I had a few friends who said they would also put them in their windows, so we could have a few devices coordinate to confirm it wasn't just a loud neighbour or something.

I built a prototype, but when I started measuring how loud the motorcycles were, it was often within the legal limits (I think 80db or something).

Partly, this is because it was inside my apartment, but they sure sounded loud.

I spoke to a police officer friend about what to do, and he said the police just didn't care. I pointed out how easily they could use a decibel meter on their phone to measure how loud, but it was a complete non-interest for them.

Good to see NYC taking action on this. Hopefully more cities follow suit.

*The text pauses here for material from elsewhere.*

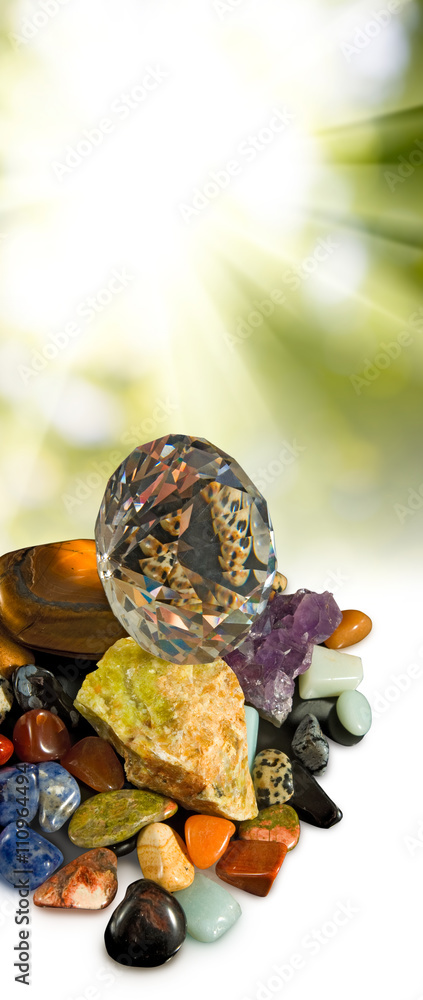 Fototapeta premium image of different stones closeup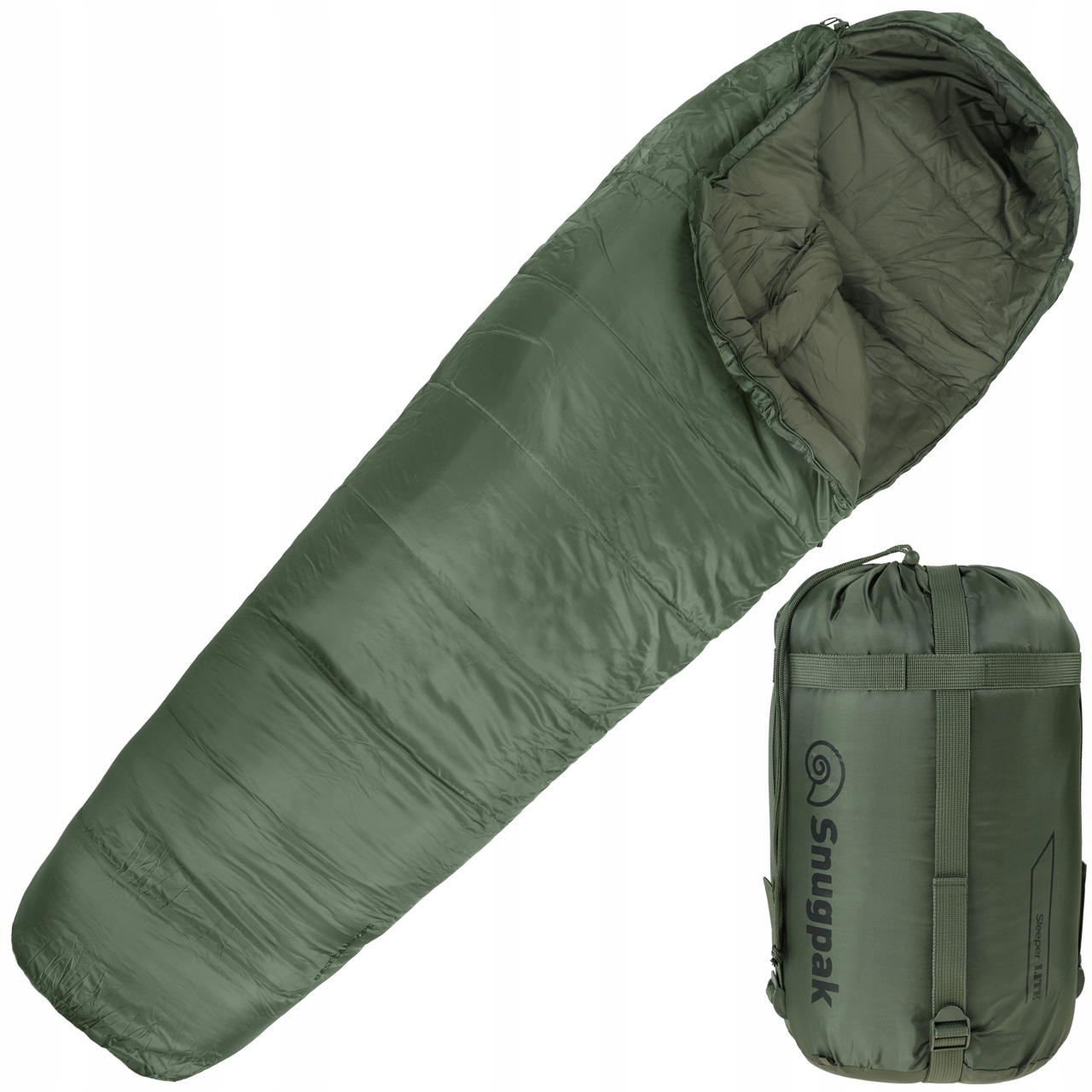 Śpiwór Zimowy Mumia Snugpak Sleeper Lite od -5 do -10°C Na Mrozy Olive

>use a decibel meter on their phone to measure how loud

Phone microphones are not calibrated for this and the apps just spit out completely wrong numbers. They show relative noise changes fine but one phone could show the same sound at a higher or lower db rating just because the mic is a little more amplified or something.

The Apple Watch actually is calibrated for this and has a built in app which shows noise levels quite accurately.


> I spoke to a police officer friend about what to do, and he said the police just didn't care. I pointed out how easily they could use a decibel meter on their phone to measure how loud, but it was a complete non-interest for them.

Ostensibly this is because the incentives aren't aligned properly. The reason why many areas over-enforce traffic violations is because of quotas and incentive structures that encourage people to hand-out tickets. If you did the same thing with noise, you could actually encourage departments to try to enforce this.


I had a neighbor with a Dodge Charger with no muffler. I talked to a police officer about it. He basically told me that he himself drove a loud car, and his neighbors complained to him about it because he leaves for work at 5:00 AM, and that's the nature of sports cars and you just have to get used to it.


You could sue him in small claims court.


So much wrong with this...

80db is a measure of relative sound level, not the absolute level.

And vehicle noise levels must be measured at a specific distance to be useful.